--- DATA SUPPLIED ---
※

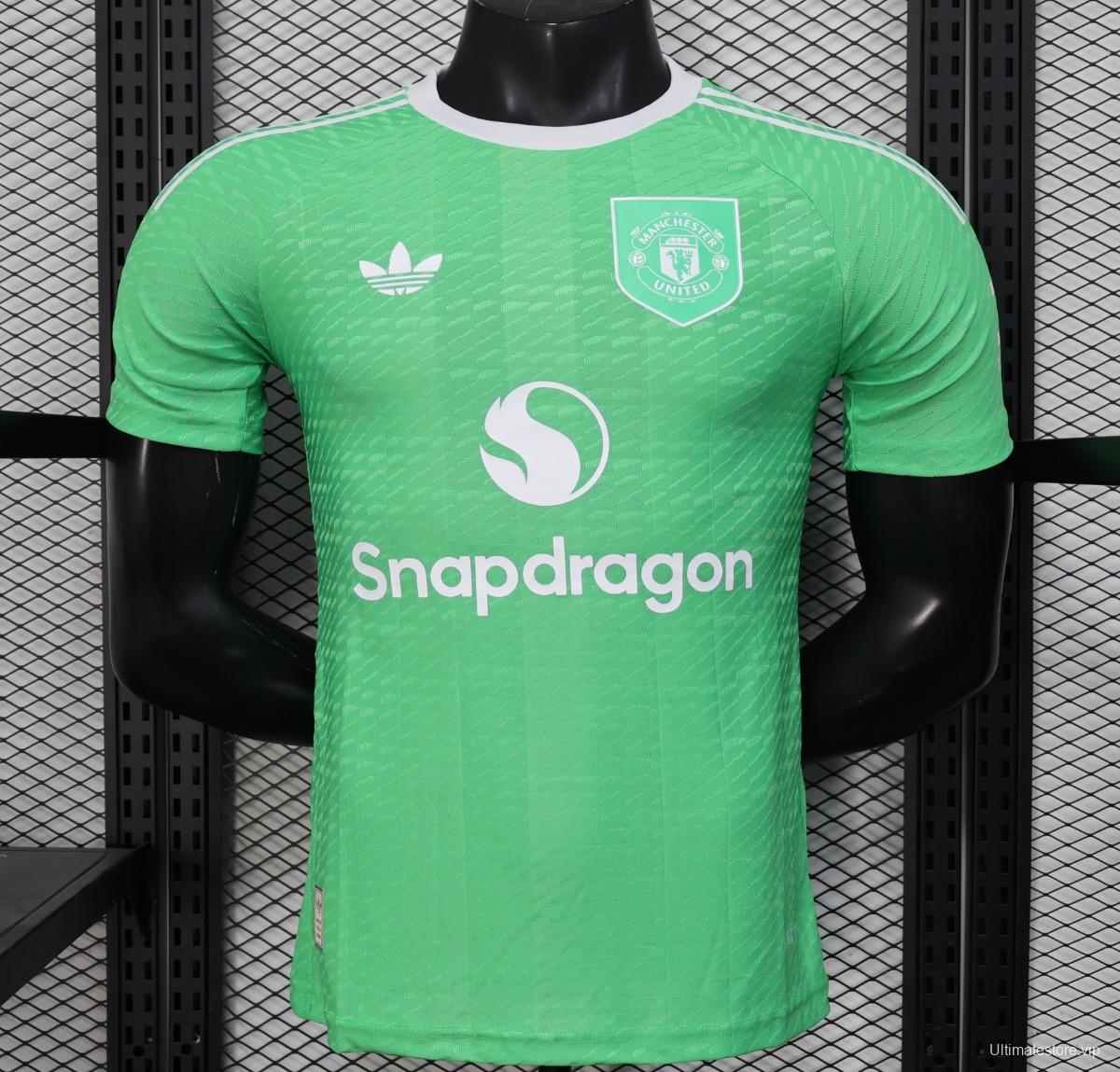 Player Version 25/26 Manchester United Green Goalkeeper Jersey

※

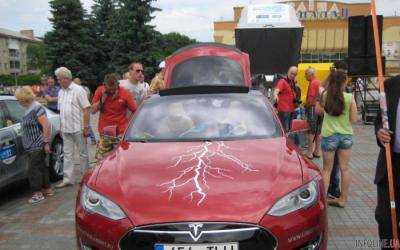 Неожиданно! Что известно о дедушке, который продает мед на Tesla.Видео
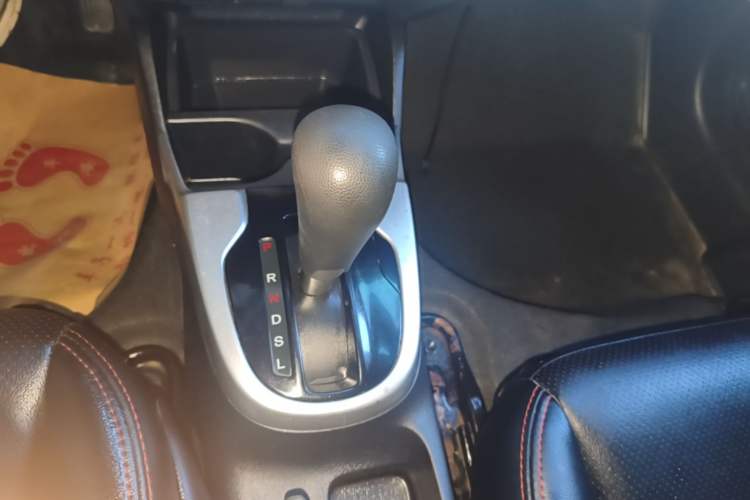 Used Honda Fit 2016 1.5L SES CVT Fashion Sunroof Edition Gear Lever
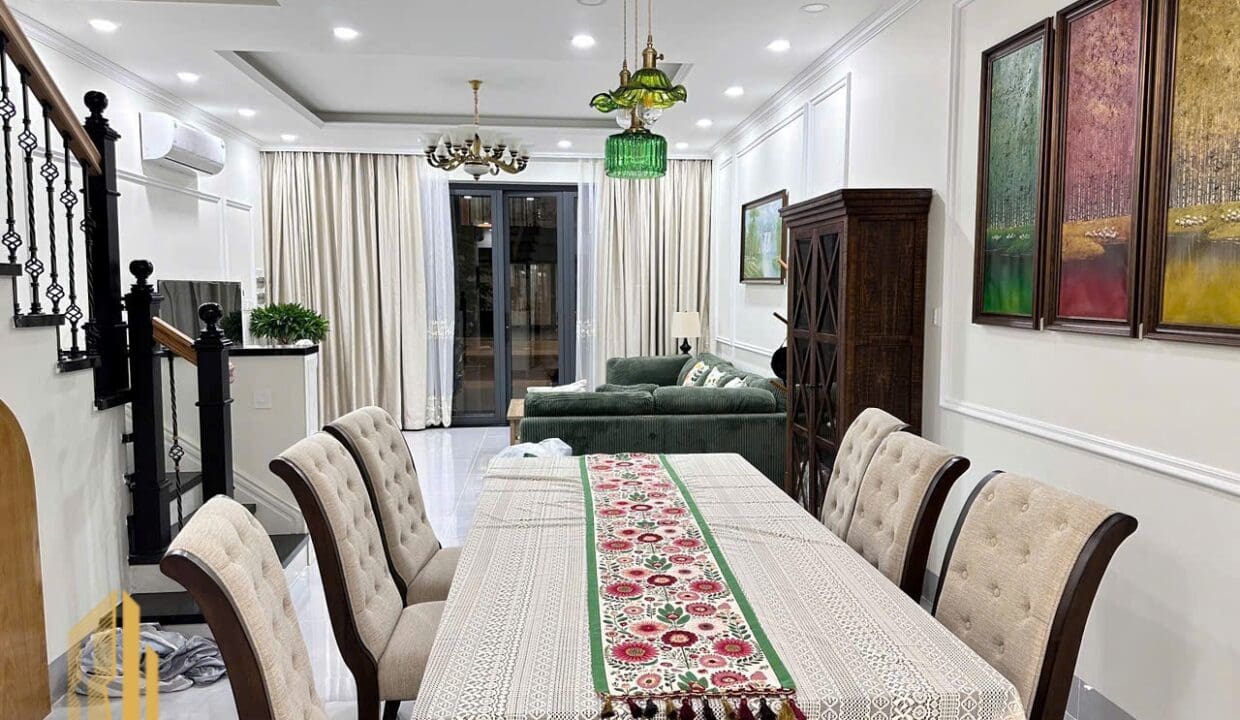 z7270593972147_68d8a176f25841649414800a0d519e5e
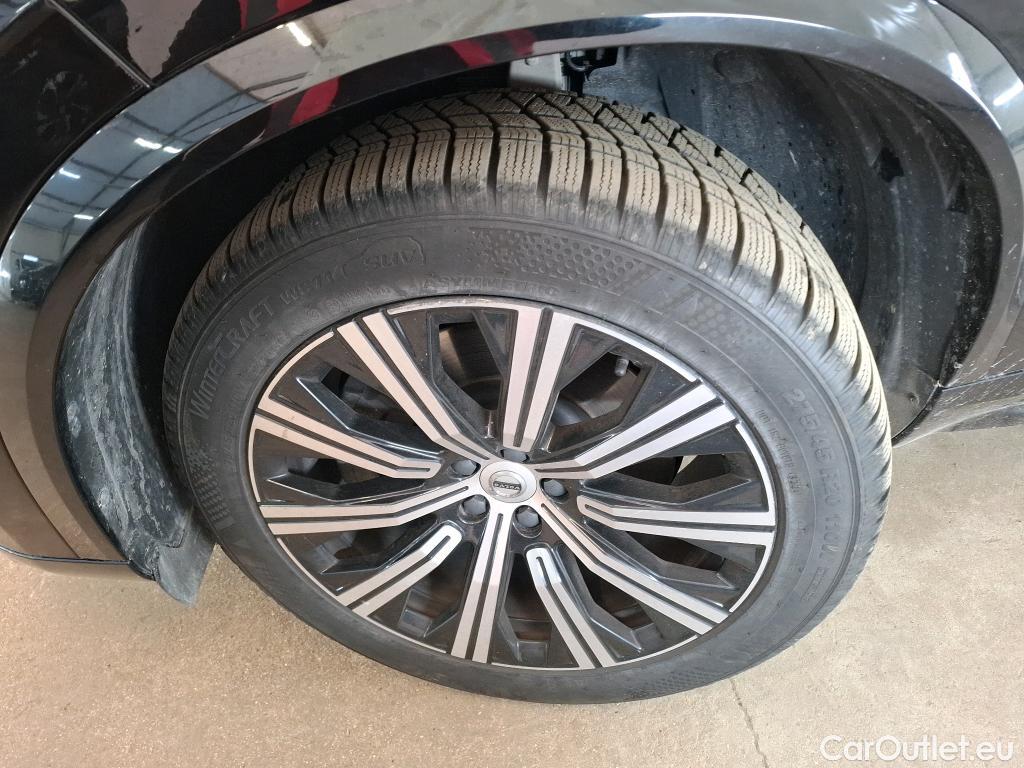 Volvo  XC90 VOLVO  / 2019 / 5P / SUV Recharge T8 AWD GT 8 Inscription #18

※

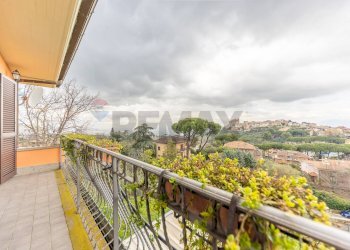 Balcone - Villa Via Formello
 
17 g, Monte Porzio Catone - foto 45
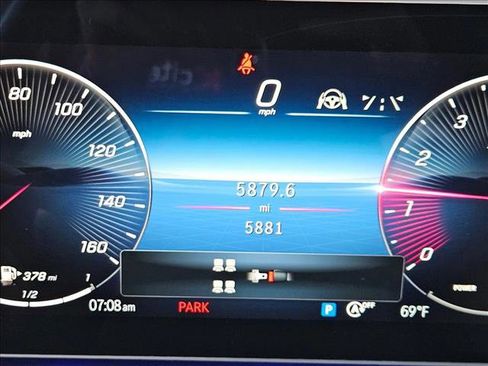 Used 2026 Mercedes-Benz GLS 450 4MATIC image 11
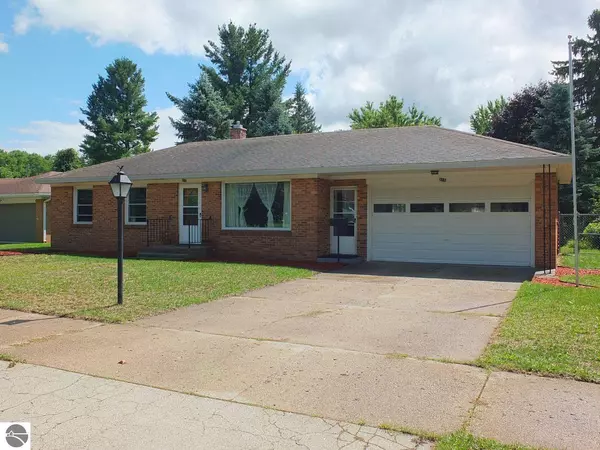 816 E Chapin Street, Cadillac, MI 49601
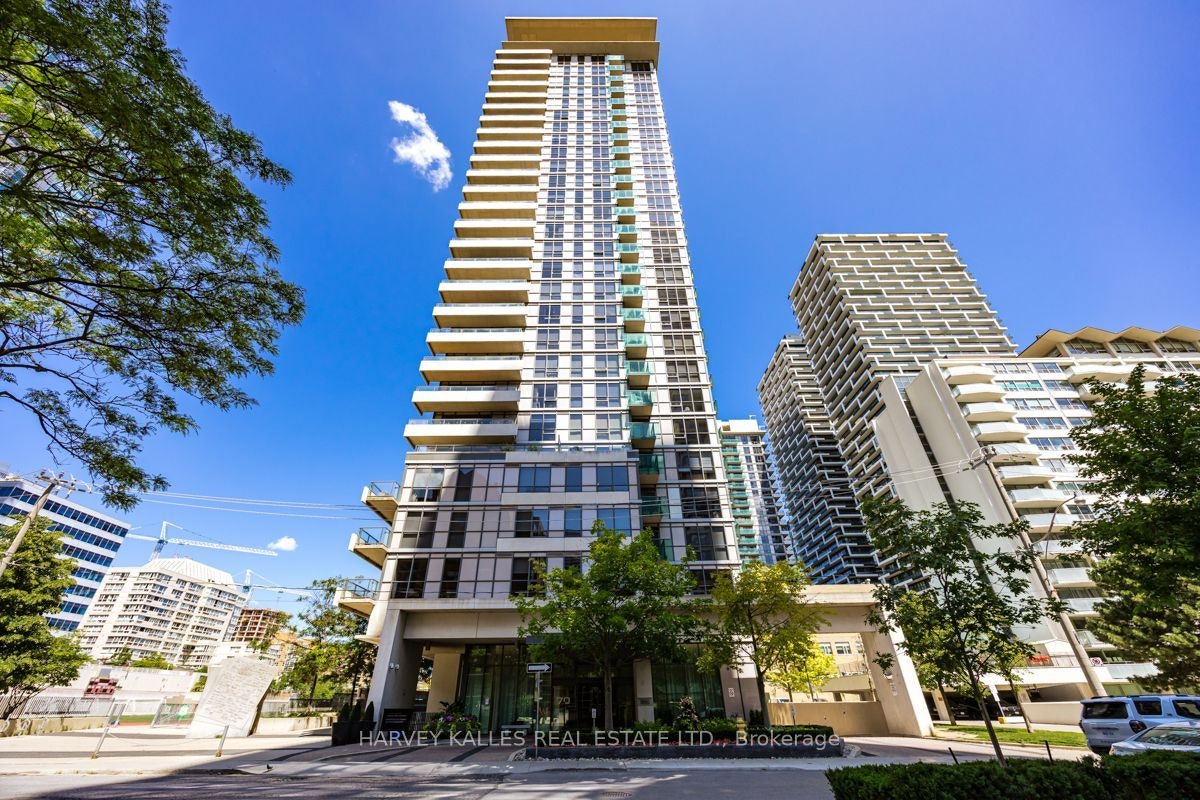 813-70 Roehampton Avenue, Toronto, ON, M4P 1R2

※

Your copy should hold only the lines above from the one containing "17 g, Monte Porzio Catone - foto 45" through the one containing "813-70 Roehampton Avenue, Toronto, ON, M4P", exactly as written and free of pictures.

17 g, Monte Porzio Catone - foto 45
 Used 2026 Mercedes-Benz GLS 450 4MATIC image 11
 816 E Chapin Street, Cadillac, MI 49601
 813-70 Roehampton Avenue, Toronto, ON, M4P 1R2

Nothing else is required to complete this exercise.